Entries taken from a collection
>>>>
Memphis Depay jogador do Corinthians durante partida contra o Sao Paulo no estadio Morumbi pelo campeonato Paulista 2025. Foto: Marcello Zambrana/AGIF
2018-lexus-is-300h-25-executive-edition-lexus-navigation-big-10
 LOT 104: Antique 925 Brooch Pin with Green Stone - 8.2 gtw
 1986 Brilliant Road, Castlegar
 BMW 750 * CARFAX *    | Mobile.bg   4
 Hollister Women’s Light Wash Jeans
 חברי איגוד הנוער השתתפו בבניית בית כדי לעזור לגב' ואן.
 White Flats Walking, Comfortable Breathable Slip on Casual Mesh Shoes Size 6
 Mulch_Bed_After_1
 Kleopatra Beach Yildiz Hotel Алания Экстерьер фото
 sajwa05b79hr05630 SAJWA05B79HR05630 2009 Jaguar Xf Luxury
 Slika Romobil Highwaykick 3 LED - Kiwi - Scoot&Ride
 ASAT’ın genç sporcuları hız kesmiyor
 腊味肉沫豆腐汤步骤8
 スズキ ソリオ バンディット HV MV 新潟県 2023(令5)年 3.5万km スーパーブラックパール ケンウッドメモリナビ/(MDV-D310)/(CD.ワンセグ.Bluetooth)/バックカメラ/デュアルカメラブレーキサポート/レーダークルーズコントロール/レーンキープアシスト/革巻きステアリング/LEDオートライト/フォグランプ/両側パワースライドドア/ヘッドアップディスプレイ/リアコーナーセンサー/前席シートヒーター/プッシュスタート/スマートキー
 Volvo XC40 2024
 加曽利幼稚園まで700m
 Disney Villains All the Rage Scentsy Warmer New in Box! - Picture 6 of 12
<<<<
### Prompt
Please copy only the lines from the one with "חברי איגוד הנוער" through the final line of the records above, both ends included.

### Your response
 חברי איגוד הנוער השתתפו בבניית בית כדי לעזור לגב' ואן.
 White Flats Walking, Comfortable Breathable Slip on Casual Mesh Shoes Size 6
 Mulch_Bed_After_1
 Kleopatra Beach Yildiz Hotel Алания Экстерьер фото
 sajwa05b79hr05630 SAJWA05B79HR05630 2009 Jaguar Xf Luxury
 Slika Romobil Highwaykick 3 LED - Kiwi - Scoot&Ride
 ASAT’ın genç sporcuları hız kesmiyor
 腊味肉沫豆腐汤步骤8
 スズキ ソリオ バンディット HV MV 新潟県 2023(令5)年 3.5万km スーパーブラックパール ケンウッドメモリナビ/(MDV-D310)/(CD.ワンセグ.Bluetooth)/バックカメラ/デュアルカメラブレーキサポート/レーダークルーズコントロール/レーンキープアシスト/革巻きステアリング/LEDオートライト/フォグランプ/両側パワースライドドア/ヘッドアップディスプレイ/リアコーナーセンサー/前席シートヒーター/プッシュスタート/スマートキー
 Volvo XC40 2024
 加曽利幼稚園まで700m
 Disney Villains All the Rage Scentsy Warmer New in Box! - Picture 6 of 12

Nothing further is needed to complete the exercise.